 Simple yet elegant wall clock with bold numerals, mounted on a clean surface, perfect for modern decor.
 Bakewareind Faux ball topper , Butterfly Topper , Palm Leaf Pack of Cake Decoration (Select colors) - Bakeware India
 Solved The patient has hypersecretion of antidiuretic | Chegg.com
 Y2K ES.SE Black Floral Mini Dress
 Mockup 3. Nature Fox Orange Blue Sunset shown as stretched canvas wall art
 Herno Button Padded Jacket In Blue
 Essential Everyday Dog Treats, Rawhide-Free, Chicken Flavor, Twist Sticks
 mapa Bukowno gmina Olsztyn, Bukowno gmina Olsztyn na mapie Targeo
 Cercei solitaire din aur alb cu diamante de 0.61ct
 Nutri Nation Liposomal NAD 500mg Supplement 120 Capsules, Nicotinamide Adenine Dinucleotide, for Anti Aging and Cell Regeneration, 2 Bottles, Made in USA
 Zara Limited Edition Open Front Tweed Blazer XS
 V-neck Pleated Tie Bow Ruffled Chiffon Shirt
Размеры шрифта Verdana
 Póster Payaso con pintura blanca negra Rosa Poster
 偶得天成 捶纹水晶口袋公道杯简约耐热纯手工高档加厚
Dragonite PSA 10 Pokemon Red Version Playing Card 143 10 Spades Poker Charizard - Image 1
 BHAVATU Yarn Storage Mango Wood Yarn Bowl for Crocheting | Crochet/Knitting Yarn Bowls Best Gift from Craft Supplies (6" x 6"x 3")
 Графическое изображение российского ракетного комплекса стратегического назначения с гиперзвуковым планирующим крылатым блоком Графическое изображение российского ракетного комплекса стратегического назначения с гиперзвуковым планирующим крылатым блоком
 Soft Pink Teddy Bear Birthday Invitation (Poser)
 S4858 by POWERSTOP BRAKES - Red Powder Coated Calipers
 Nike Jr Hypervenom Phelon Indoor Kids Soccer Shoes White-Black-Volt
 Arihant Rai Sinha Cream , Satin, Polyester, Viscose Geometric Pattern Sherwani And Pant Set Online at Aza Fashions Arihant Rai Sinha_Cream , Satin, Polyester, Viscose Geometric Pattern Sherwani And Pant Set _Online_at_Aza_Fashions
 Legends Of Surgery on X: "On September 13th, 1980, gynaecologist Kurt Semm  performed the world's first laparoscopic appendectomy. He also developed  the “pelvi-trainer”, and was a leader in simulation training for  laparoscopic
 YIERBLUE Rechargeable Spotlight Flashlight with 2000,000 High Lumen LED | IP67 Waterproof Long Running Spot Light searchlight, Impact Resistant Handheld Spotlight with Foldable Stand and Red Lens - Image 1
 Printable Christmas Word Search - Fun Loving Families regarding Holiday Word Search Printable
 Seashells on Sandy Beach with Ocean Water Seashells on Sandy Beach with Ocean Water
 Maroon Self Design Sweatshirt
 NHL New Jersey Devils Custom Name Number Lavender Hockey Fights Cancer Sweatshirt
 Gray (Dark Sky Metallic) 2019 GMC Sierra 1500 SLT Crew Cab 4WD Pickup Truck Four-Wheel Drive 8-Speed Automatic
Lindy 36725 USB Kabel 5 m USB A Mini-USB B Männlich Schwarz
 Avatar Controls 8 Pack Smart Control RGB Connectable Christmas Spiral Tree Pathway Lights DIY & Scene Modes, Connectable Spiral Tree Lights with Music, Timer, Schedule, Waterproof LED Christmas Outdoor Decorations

Work required
Across the records, count each line that holds the string "Pack". Respond with the number only.

Answer area
2